Mais cinq ans plus tard, que retrouve-t-on de cette matière vaguement améliorée par le temps? Un énième film de cape et d'épée, d'autant plus ennuyeux qu'il a maintes fois été adapté à toutes les sauces. Sans aucun doute avons-nous à faire ici à la version la plus prude qu'il nous ait été donné de voir. Remettre en cause le savoir-faire de son réalisateur serait un acte de pure mauvaise foi, mais en revanche que diable a-t-il pu vouloir traduire de plus ici ? Partir de l'homme avant la légende (objectif très racoleur), soit, mais l'impression persistante est de voir cette même légende racontée quelque temps avant les faits ; tout simplement parce que le film est au fond à l'image de tous les autres, si ce n'est une avancée technique éventuellement remarquable et qui l'éloigne de la version culte mais techniquement datée réalisée par Michael Curtiz avec Erroll Flynn en 1938.

Le plus embêtant est de voir à quel point Ridley Scott se répète et à partir de quel moment un sujet a priori poignant peut devenir à ce point dénué d'enjeux dramatiques. Les scènes de romance, inutiles et niaises, les scènes de combat, répétées à l'infini depuis Gladiator, la faible psychologie qui enrobe les caractères de personnages que l'on devine ambigus (l'idée des enfants masqués est là, mais jamais développée), et enfin, terrible faute comme l'a été la sourde oreille de Tarantino dans Inglourious Basterds, le texte français déclamé avec cette empathie toute française de comédiens paumés dans un délire américain démesuré.
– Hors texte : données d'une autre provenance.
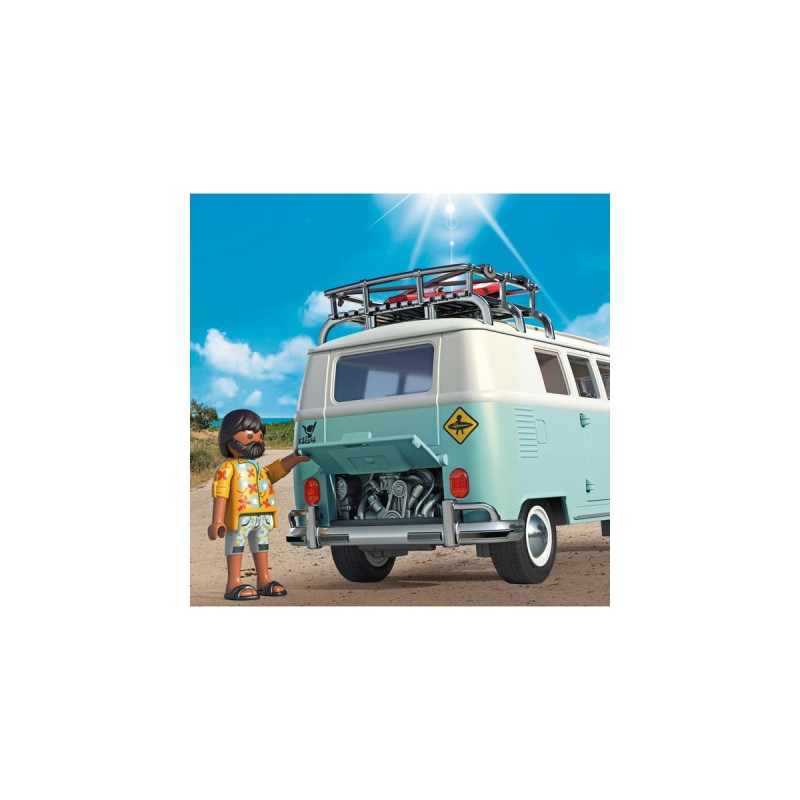 PLAYMOBIL 70826 Famous Cars Volkswagen T1 Camping Bus - Special Edition, Konstruktionsspielzeug
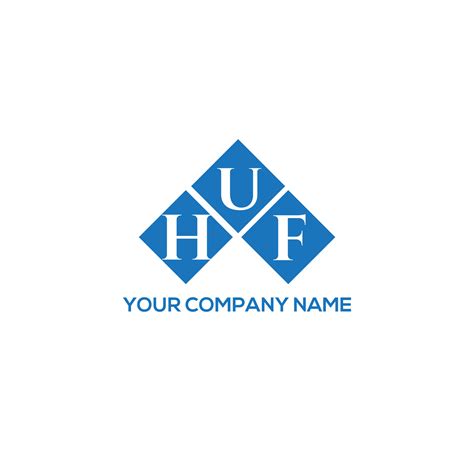 HUF letter logo design on white background. HUF creative initials ...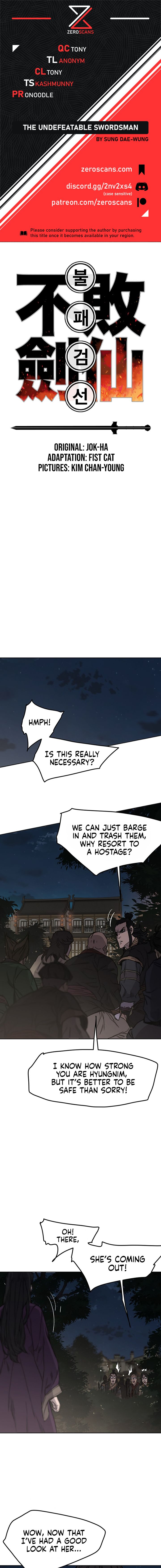 The Undefeatable Swordsman Chapter 39 65 0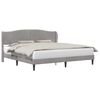 vidaXL Cadru de pat cu headboard Gri deschis 180 x 200 cm Catifea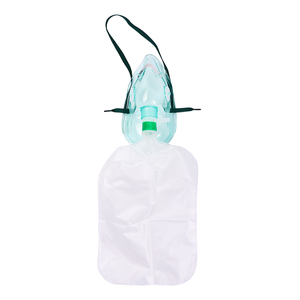 Masker oksigen dengan kantong reservoir dengan kanula oksigen hidung memberikan konsentrasi oksigen optimal dalam pengaturan darurat - Product Image 6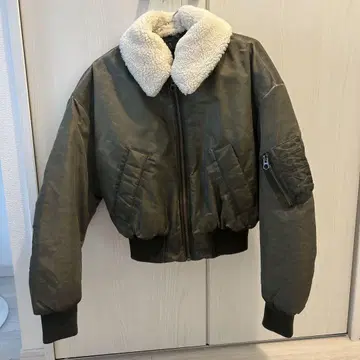 ZARA 올리브 그린 MA-1 자켓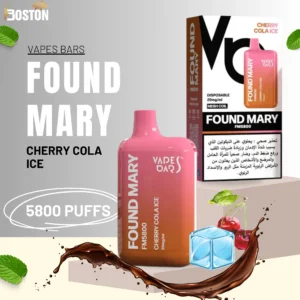 Vapes Bars Found Mary Cherry Cola Ice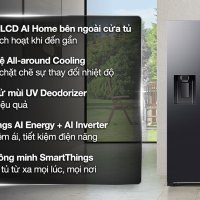 Tủ lạnh Samsung Inverter 615 lít Side By Side AI Home RS90F65D2FSV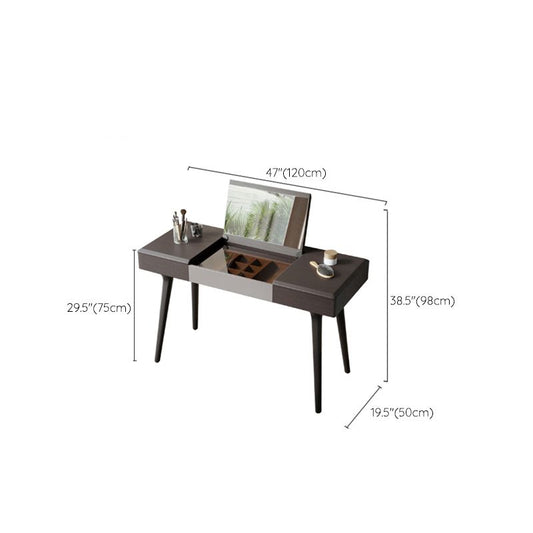 Consejo contemporáneo de tocador de maquillaje de dormitorio tocador de tocador de vidrio con cajón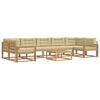 vidaXL Udend&oslash;rs sofagruppe med pude 6 pcs Hvid og Beige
Il y en a trop et jamais assez dans le même temps, beaucoup d'esbroufe et de giclures en gros plan, une certaine barbarie dans les combats qui ici ne prennent jamais, ou alors retombent directement après que les champs-contrechamps héroïques aient eu raison du regard bovin de Russell Crowe, excellent acteur visiblement condamné à interpréter jusqu'à la fin de ses jours ce même guerrier bravant les pièges de l'ennemi et du cœur des femmes. Sourcil froncés, l'œil mou et délavé comme si un rayon de soleil l'aveuglait, il nous permet d'écrire qu'on l'a connu plus investi dans la recherche charismatique et psychologique d'un personnage. Pourtant ce Robin des Bois n'a rien de foncièrement mauvais, mais suscite l'ennui que procure une grosse production mille fois vue et déroulée sans rythme ni idées. Cate Blanchett a beau être la magnificence incarnée, rien n'y change : Robin des bois se veut viscéral, profond, audacieux, mais il n'est que retenu par la raison et le bien-penséisme hollywoodien, c'est-à-dire la diabolique confusion entre l'art et son commerce.

* N'oublions pas non plus qu'entre Gladiator et Robin des Bois, Ridley Scott a réalisé trois autres films à mon avis mineurs et eux aussi ancrés dans ce "non-style" auquel il s'est adapté pour chaque genre : Une grande annéeAmerican Gangster et Mensonges d'État, ainsi que plusieurs productions qui auront su rehausser sa crédibilité artistique, en tout cas plus que les films précédemment cités.

Jean-Baptiste Doulcet


2h28 - Etats-Unis - Scénario : Brian HELGELAND, Ethan REIFF, Cyrus VORIS, Tom STOPPARD - Interprétation : Russell CROWE, William HURT, Cate BLANCHETT, Vanessa REDGRAVE, Léa SEYDOUX.